5.2 The University may monitor and record communications and data:
1. To establish the existence of facts to ascertain compliance with UK law or University regulations or procedures.
2. In the interests of national security.
3. To prevent or detect a crime.
4. To investigate or detect unauthorised use of telecommunications systems.
5. To secure, or as an inherent part of, effective system operation.
5.3 Network traffic and data stored by users may be automatically monitored for threats such as viruses, hostile and inappropriate activity etc. and may be automatically modified to remove such threats.
5.4 System Administrators will not exploit or release any material to another party unless at least one of the following conditions is met:
1. With the express permission of the user.
2. To respond to a request for information supporting investigation by UK law enforcement agencies. Such requests must be validated by the University Records Manager.
3. In cases where there are grounds to believe that there is a breach of University regulations or UK law. Investigation will require the express approval of the Director of Information Services or, in his absence, another senior officer of the University.
4. To properly designated staff, in a crisis situation.
5. Where access to University data is essential for operational reasons. Such access will require the express approval of the Registrar. Personal material will remain confidential.
5.5 System administrators may copy user data or lock an account to preserve evidence until such time as approval for further investigation can be granted.
5.6 Users should note that the images captured by the University’s Closed Circuit Television Cameras (CCTV) may be recorded and used to prevent or detect crime or breaches of University regulations.
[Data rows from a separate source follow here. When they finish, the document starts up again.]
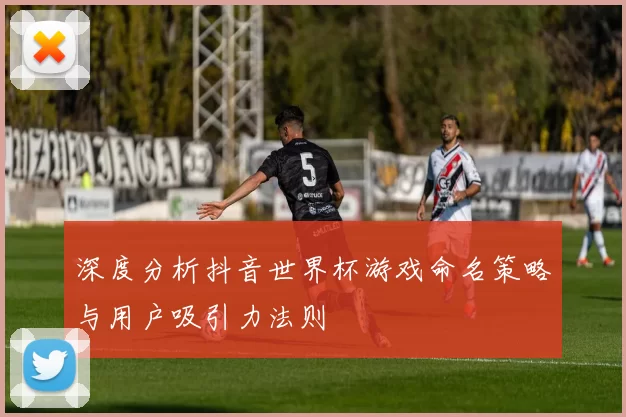 深度分析抖音世界杯游戏命名策略与用户吸引力法则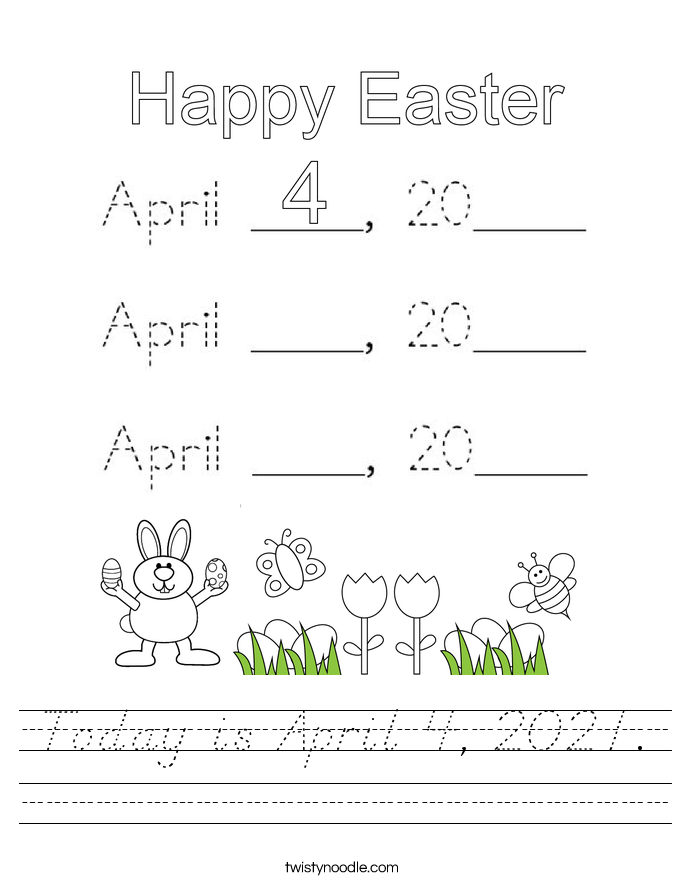 Today is April 4, 2021. Worksheet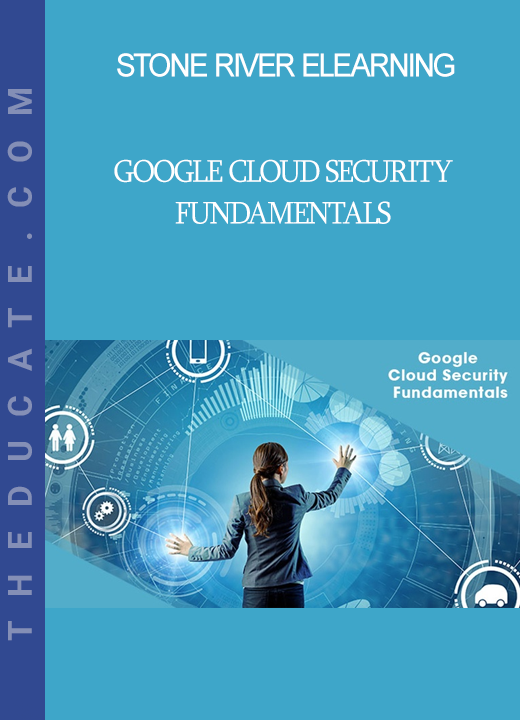 Stone River Elearning - Google Cloud Security Fundamentals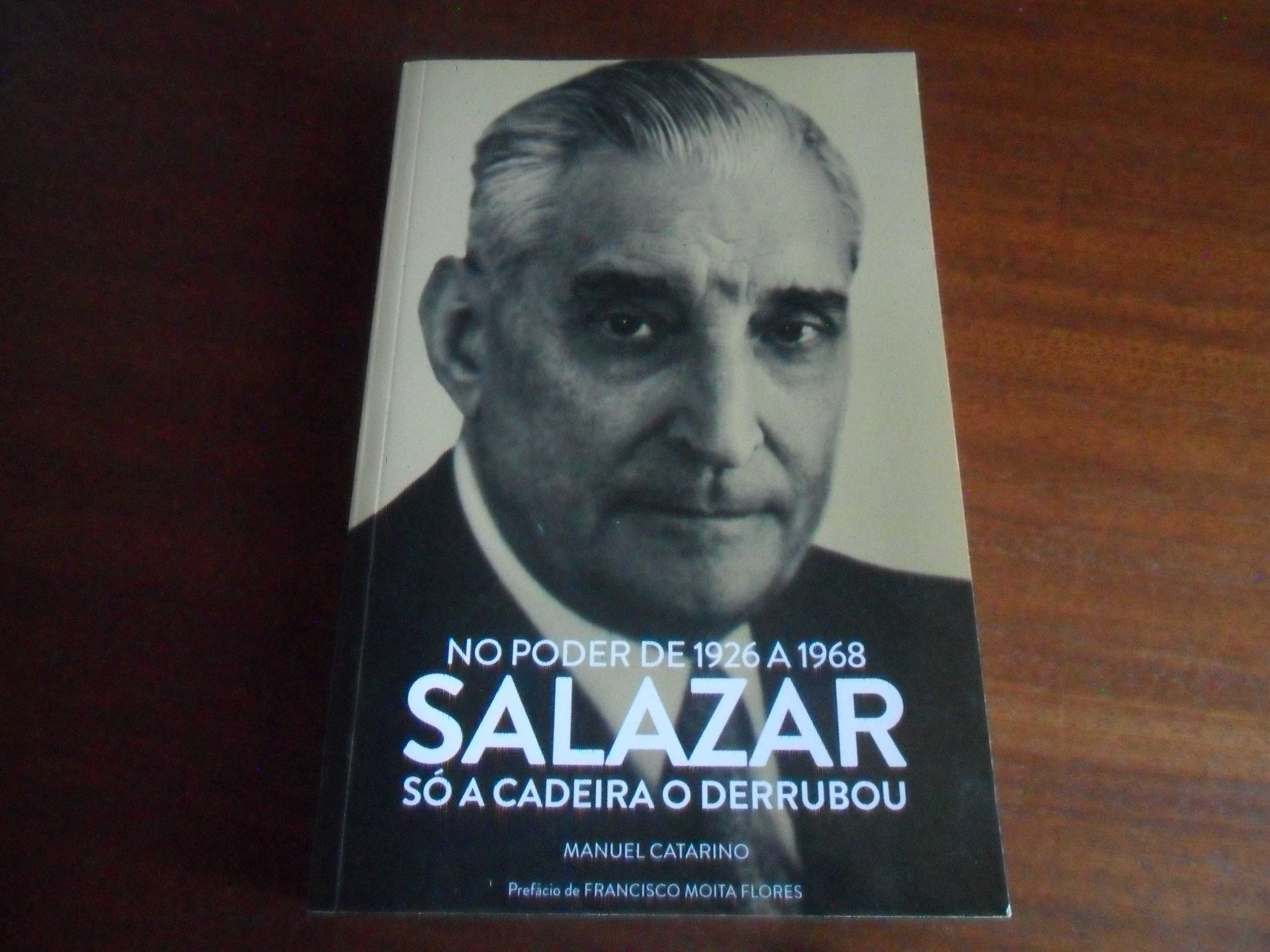 No Poder de 1926 a 1968 SALAZAR Só a Cadeira o Derrubou" de M Catarino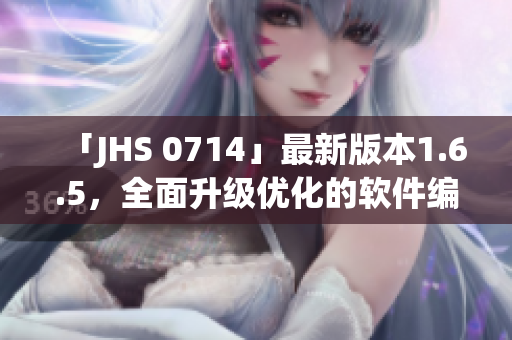 「JHS 0714」最新版本1.6.5，全面升級優(yōu)化的軟件編輯必備！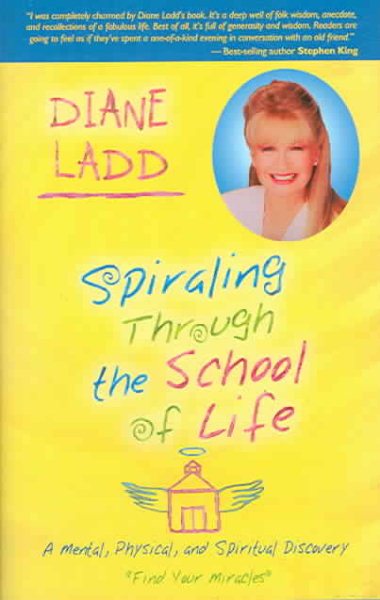 Spiraling Through The School Of Life: A Mental, Physical, and Spiritual Discovery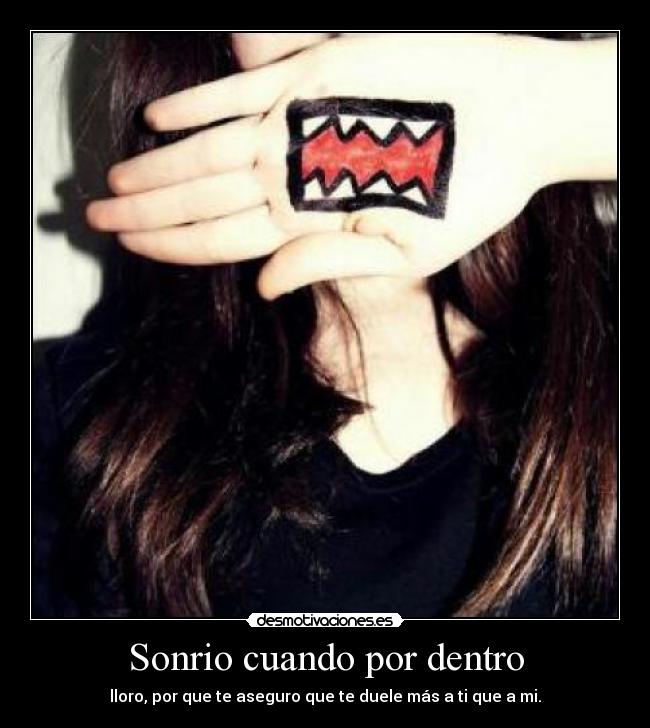 Sonrio cuando por dentro - 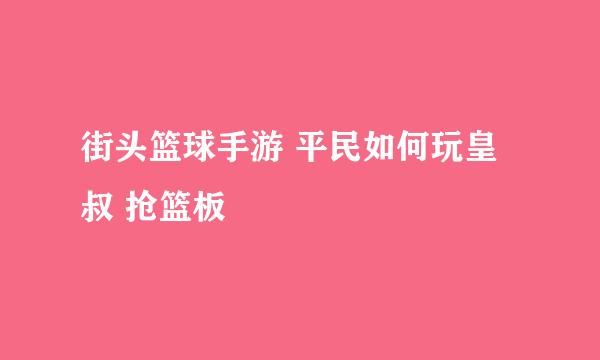 街头篮球手游 平民如何玩皇叔 抢篮板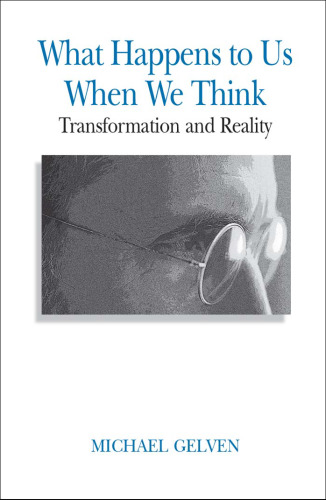 What Happens to Us When We Think: Transformation and Reality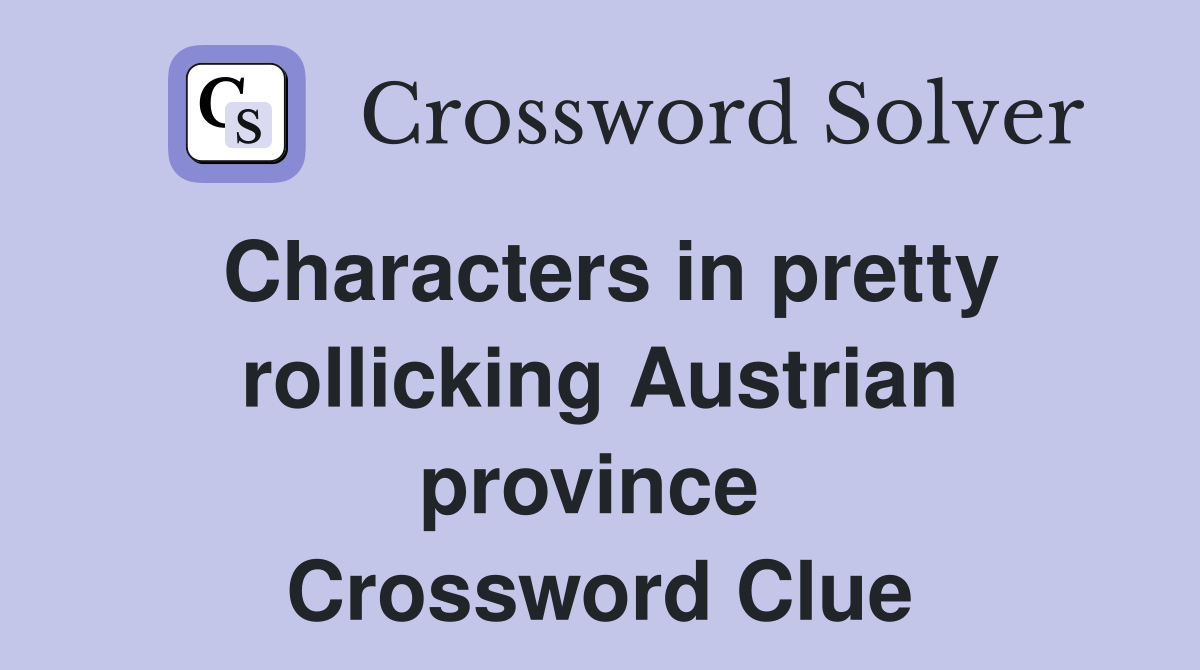 Characters in pretty rollicking Austrian province  Crossword Clue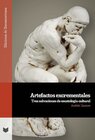 Buchcover Artefactos excrementales : tres salvaciones de escatología cultural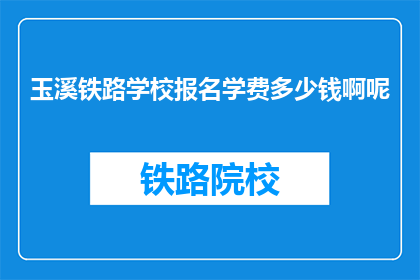 玉溪铁路学校报名学费多少钱啊呢(玉溪铁路学校报名学费是多少？)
The access card systems also record the movements of users and this data may also be used subject to the same conditions as other recorded data.
5.7 Users are required to protect any private or confidential data appropriately. For instance sending such unencrypted data over an unsecured medium such as Email is not acceptable.
User: Any person making use of University IT facilities. This includes but is not limited to all staff, students, and any other person or group granted access to the University facilities by a Designated Authority.
Authorised Systems Administrator: A member of staff who administers systems holding data belonging to others. They are bound by legislation and are required to sign a Declaration that they have read and understood the Charter for System and Network Administrators.
Designated Authority: The Designated Authority for IT facilities is whoever is responsible for their provision. Thus, in the case of centrally provided facilities, the Designated Authority will be the Director of Information Services or a nominee and, in the case of departmentally provided facilities, it will be the Head of School or Department concerned or a nominee.
Hacking: An abuse of the University’s IT facilities. Such abuses include:
1. Attempts to access or actions intended to facilitate access to computers, data or network equipment for which the individual is not authorised.
2. Unauthorised resale of data or services.
3. Attempts to damage or deny service from computer or network systems.
4. Attempts to monitor data on the network or to introduce spoofed packets or forge routing or switching information.
5. Deliberately scanning for or attempting to make use of any security bug or weakness.
6. Deliberately introducing any virus, worm, Trojan horse or other such software into any IT facility, or taking action to circumvent any precautions taken or prescribed by the University to prevent this.
Information Technology (IT): For this policy IT is defined as any operation involving the manipulation, transmission or viewing of data by electronic means.